A. Kunstmatige bevruchting van de geslachtsrijpe wijfjes der anthropomorphe apen met sperma* van menschen (gorilla en chimpansee zullen voornamelijk bevrucht worden met het sperma van negers).
B. Het kruisen van de anthropomorphe apen onderling door natuurlijke of kunstmatige bevruchting.
C. Het bestudeeren van bij den mensch voorkomende ziekten, voornamelijk de syfilis, op de anthropomorphe apen. Op grond van de nauwe en onbetwistbare verwantschap tusschen de anthropomorphe apen en menschen (vooral de vertegenwoordigers der lagere menschenrassen) en de gunstige resultaten, die ik door middel der kunstmatige bevruchting bij hoogere zoogdieren** verkreeg, zijn de onder A. genoemde experimenten aangewezen en vormen zij eenen directen weg om tot zekerheid te komen.
* Sperma of zaad is het afscheidingsprodukt der mannelijke teelklieren. Bij de vrouw is de kunstmatige bevruchting met sperma van den man reeds herhaaldelijk gelukt; de beschrijving der techniek vindt men in bijna ieder modern werk over gynaekologie.
** Wanneer men in plaats van menschensperma het sperma van een der anthropomorphe apen nam, zou men tot hetzelfde resultaat kunnen komen, dat ik mij voorstel met de sub A. genoemde proeven te bereiken.

Er zou een kunstmatige bevruchting van een mensaap plaatsvinden, maar in zijn tweede voetnoot liet hij doorschemeren dat ook een mens – en wel een vrouw – zou kunnen worden geïnsemineerd.
Vervolgens probeerde hij aannemelijk te maken dat het redelijkerwijs te verwachten viel dat het experiment kans van slagen had. Zo waren er grote fysieke overeenkomsten tussen mensen en mensapen. Het skelet bestond bijvoorbeeld uit hetzelfde aantal botten (ongeveer tweehonderd), hetzelfde aantal spieren (ongeveer driehonderd), hetzelfde aantal tanden en kiezen, eenzelfde opbouw van het centrale zenuwstelsel. Ook de bouw en functie van de voortplantingsorganen kwam overeen; de menstruatie en het zogen verliepen op eenzelfde manier, zoals er ook een grote morfologische gelijkenis was in de embryonale ontwikkeling. Als men het bloed vergeleek, dan kon de conclusie slechts zijn ‘dat menschen en anthropomorphe apen in letterlijken zin bloedverwanten zijn’. Als men bij dieren bloed inspoot van een ander dier, dan stierven ze binnen enkele minuten, ‘omdat de roode bloedlichaampjes van de ene bloedsoort door het serum (de bloedwei) der andere bloedsoort vernietigd worden’.

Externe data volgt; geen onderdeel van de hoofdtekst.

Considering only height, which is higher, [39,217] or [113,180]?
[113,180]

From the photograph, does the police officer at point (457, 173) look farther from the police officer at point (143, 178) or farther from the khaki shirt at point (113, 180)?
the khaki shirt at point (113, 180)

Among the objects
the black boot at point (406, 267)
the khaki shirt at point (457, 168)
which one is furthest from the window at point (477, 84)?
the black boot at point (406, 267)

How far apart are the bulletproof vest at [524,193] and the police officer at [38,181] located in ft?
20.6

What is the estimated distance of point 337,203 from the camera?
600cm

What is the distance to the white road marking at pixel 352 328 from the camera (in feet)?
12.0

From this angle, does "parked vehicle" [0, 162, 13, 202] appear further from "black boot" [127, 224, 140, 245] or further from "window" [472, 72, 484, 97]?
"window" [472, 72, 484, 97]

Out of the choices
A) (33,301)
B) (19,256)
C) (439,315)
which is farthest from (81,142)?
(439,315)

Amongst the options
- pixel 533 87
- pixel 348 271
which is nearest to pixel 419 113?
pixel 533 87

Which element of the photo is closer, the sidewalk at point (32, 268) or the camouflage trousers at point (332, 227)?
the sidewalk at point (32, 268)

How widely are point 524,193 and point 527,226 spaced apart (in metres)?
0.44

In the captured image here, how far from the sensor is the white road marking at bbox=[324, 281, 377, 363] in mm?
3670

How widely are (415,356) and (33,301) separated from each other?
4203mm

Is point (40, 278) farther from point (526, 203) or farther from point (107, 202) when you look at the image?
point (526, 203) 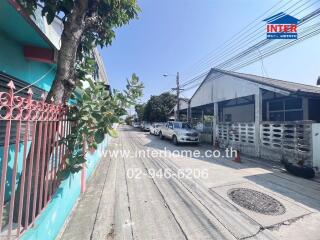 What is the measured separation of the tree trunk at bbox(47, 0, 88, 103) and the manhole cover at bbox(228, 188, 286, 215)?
157 inches

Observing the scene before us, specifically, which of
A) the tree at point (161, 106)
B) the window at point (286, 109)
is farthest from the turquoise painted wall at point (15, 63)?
the tree at point (161, 106)

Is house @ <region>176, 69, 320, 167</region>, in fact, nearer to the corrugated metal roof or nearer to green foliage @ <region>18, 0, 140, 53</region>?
the corrugated metal roof

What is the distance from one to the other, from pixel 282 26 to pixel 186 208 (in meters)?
8.12

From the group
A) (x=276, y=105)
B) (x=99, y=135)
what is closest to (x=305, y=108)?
(x=276, y=105)

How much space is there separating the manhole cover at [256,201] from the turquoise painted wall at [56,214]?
11.1ft

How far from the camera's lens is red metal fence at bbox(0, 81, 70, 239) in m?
1.55

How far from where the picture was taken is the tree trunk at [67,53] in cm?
273

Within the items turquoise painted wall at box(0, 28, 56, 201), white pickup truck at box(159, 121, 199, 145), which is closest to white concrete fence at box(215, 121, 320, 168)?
white pickup truck at box(159, 121, 199, 145)

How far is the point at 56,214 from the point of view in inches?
109

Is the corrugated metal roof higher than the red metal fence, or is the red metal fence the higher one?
the corrugated metal roof

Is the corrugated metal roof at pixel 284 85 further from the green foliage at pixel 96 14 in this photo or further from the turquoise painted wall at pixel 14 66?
the turquoise painted wall at pixel 14 66

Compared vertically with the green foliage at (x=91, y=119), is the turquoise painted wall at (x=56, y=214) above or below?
below

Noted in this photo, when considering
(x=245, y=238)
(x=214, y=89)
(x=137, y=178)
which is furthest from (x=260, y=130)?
(x=245, y=238)

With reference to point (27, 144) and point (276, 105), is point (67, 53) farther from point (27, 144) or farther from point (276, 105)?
point (276, 105) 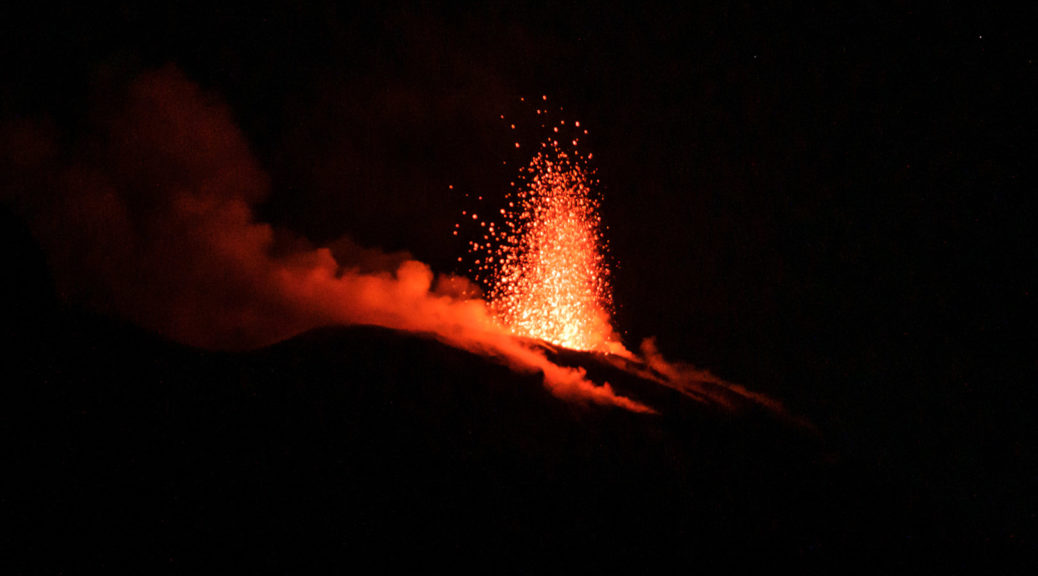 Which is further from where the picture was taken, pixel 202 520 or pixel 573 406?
pixel 573 406

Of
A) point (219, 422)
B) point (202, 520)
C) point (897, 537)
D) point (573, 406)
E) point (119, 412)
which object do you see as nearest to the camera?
point (202, 520)

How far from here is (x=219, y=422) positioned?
830 cm

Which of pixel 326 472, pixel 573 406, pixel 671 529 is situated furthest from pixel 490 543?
pixel 573 406

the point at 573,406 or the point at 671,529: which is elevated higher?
the point at 573,406

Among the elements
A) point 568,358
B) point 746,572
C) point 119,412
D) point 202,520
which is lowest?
point 202,520

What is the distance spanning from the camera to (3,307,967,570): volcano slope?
21.7 ft

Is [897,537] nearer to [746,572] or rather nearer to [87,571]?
[746,572]

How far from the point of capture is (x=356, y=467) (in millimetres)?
8875

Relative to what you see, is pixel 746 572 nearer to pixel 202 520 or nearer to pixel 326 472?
pixel 326 472

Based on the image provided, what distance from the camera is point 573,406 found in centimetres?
1302

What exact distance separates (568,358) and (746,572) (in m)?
7.01

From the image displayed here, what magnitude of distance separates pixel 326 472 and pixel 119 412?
267 cm

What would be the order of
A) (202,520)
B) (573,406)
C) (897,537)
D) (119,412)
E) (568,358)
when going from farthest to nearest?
(568,358) < (897,537) < (573,406) < (119,412) < (202,520)

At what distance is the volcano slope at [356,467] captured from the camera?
662cm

Het bloedserum van den mensch vernietigt de roode bloedlichaampjes van alle proefdieren, zooals de kikvorsch, de paling, de ringslang, de adder, de duif, het hoen, de reiger, het paard, het varken, het rund, het konijn, het Guineesch biggetje, de hond, de kat, de egel, halfapen (Lemur), apen van de nieuwe wereld (Ateles en Pithecesciurus) en apen van de oude wereld (Cynocephalus, Macacus, Rhesus), met uitzondering van de bloedlichaampjes der anthropomorphe apen. Van de zeer naverwante diersoorten, die hetzelfde bloed hebben: paard en ezel, paard en zebra, luipaard en poema, leeuw en tijger, hond en wolf, haas en konijn, baardaap en bruinzwarte makaak, bestaan nakomelingen (bastaarden of hybriden). Menschen en anthropomorphe apen bezitten eveneens hetzelfde bloed, dus:

?

Na afloop mijner werkzaamheden in den Congo zal ik dit vraagteeken door het resultaat van mijne proeven vervangen.